During the 1980s Reagan enacted Mundell’s three-legged approach. He slashed tax rates on the supply-side and was not afraid to run budget deficits in the Keynesian mold. At the same time, Reagan gave Paul Volcker carte blanche to practice the tough-minded monetarism that curbed excess money and vanquished inflation. This eclectic policy mix reignited economic growth, and it ushered in a three-decade prosperity boom that revived free-market capitalism.
Today, however, the economic naysayers are ignoring the advice of Prof. Mundell. Looking at our financial crisis, with its deflationary sweep from stock markets to home prices to energy, they want to lurch leftward to a big-government tax-and-spend regulatory approach. Instead, we need to put all three legs of the Mundell hypothesis in place. And we’re already two-thirds of the way there.
Treasury man Henry Paulson is using a $700 billion rescue package to prop up banks with new capital, purchase distressed assets, and backstop inter-bank lending. Keynesian deficits will finance it. But it’s working. While ankle biters on the left and right have dissed Paulson’s plan, important credit-market spreads have declined significantly in the last two weeks.
Fed head Ben Bernanke, meanwhile, is combating deflation with a Friedmanite monetarist approach -- the second leg of the Mundell mix. Over the past two months the Fed has doubled its balance sheet and spurred a major increase in the basic money supply in order to meet the enormous liquidity demands that always accompany deflation. The Fed should keep this up in the coming months until stocks, commodities, and credit show life-signs of recovery.
But what’s missing is Mundell’s third policy leg: supply-side tax cuts.

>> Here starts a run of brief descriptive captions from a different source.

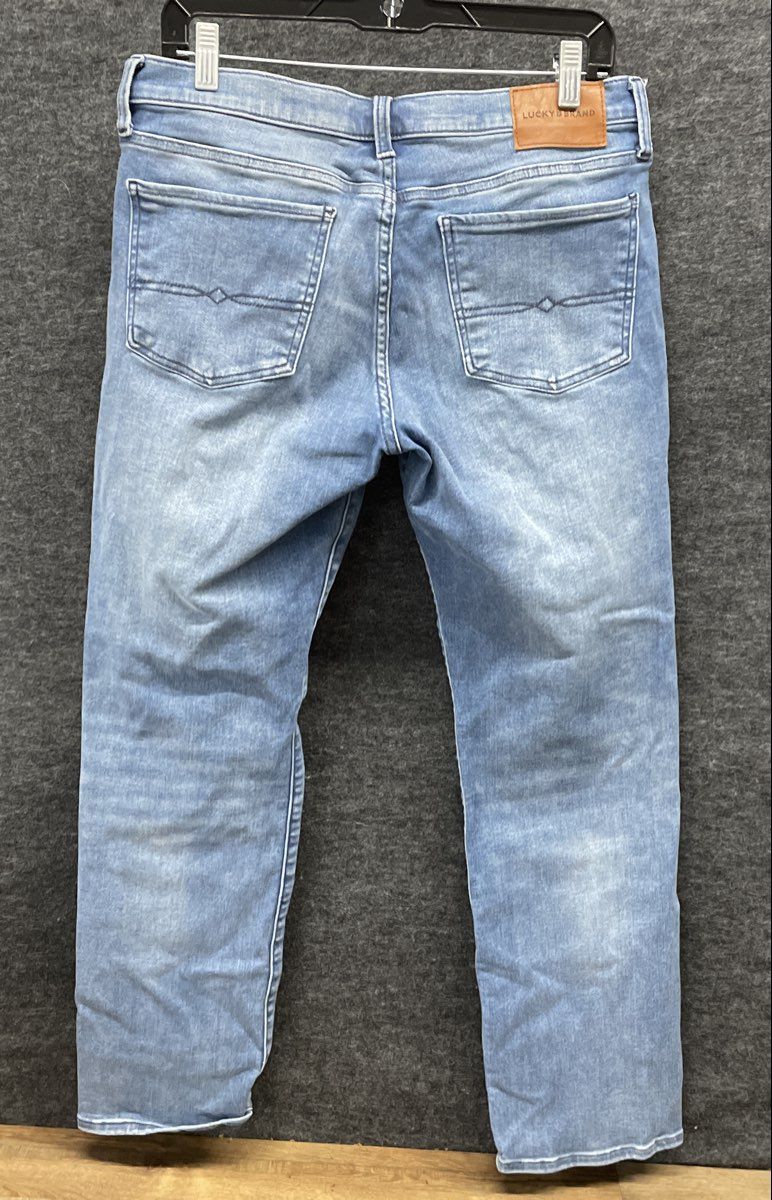 Lucky Brand Women's Light Wash Blue Faded Whiskered Denim Jeans Sz 10/30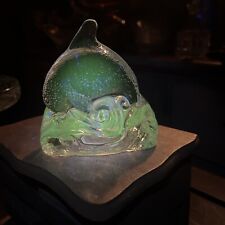 Retired Partylite Glass Dolphin Tealight Candle Holder 4” Tall Uranium Glass EUC picture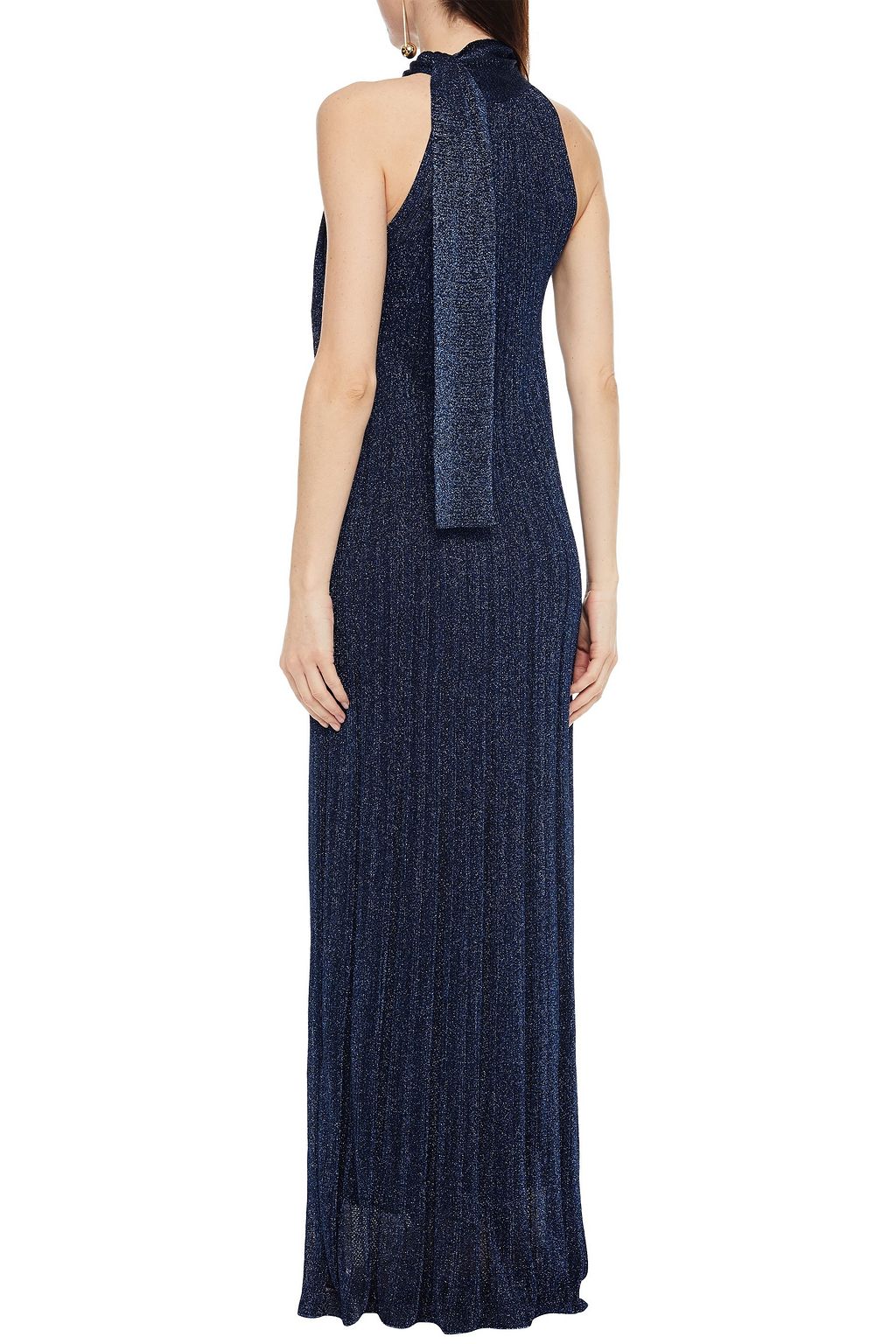 M MISSONI Tie-neck metallic crochet-knit maxi dress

And here we find the partisan debate of the closing days of the presidential and congressional elections.
Democrats want to tax the rich, redistribute the wealth, and spend our way out of the economic doldrums. It won’t work. Senators Barack Obama and Harry Reid, along with Speaker Nancy Pelosi, disdain supply-side tax incentives. But Sen. John McCain wants to reemploy them as a recovery tool. McCain is right, and now is the time for the Republican party to call for sweeping tax cuts that would reduce marginal rates by half for businesses, individuals, and investors. Yes, it would be bold. But no bolder than Reagan in the 1980s, Kennedy in the 1960s, or Mellon in the 1920s.
The corporate tax rate should be slashed from 35 percent to less than 25 percent, including capital-gains. (Corporations, let’s not forget, don’t pay taxes. Only individuals do, since business costs are passed along to consumers.) The top individual rate should similarly be lowered, with fewer income brackets to clutter up the tax code. And investment taxes on capital-gains and dividends should be cut from 15 percent to 7.5 percent to revive the dormant animal spirits of investors.
These tax cuts would mean all three legs of Robert Mundell’s pragmatic approach to policy are in place. Use the money supply to combat deflation (inflation is not the problem), employ deficits to rescue and stabilize the banking and credit system, and slash tax rates to reignite economic growth.
In effect, a successful rescue plan requires a drawdown of all the major economic schools of thought. Given the current economic emergency, we need all the help we can get. For a change, how about a little pragmatism in the policy mix? That just might do the trick.